» Record set
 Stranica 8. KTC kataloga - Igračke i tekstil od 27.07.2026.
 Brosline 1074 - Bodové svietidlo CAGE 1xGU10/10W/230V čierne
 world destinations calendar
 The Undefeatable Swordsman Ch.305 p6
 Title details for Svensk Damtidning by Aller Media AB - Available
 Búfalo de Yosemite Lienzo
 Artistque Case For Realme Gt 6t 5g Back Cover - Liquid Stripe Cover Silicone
---
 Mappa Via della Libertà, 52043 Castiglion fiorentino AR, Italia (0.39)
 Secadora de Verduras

» Work to complete
Go back to the listing above. Copy word for word the lines from the one with "world destinations calendar" through the one with "Artistque Case For", and nothing more.

» Exercise response
 world destinations calendar
 The Undefeatable Swordsman Ch.305 p6
 Title details for Svensk Damtidning by Aller Media AB - Available
 Búfalo de Yosemite Lienzo
 Artistque Case For Realme Gt 6t 5g Back Cover - Liquid Stripe Cover Silicone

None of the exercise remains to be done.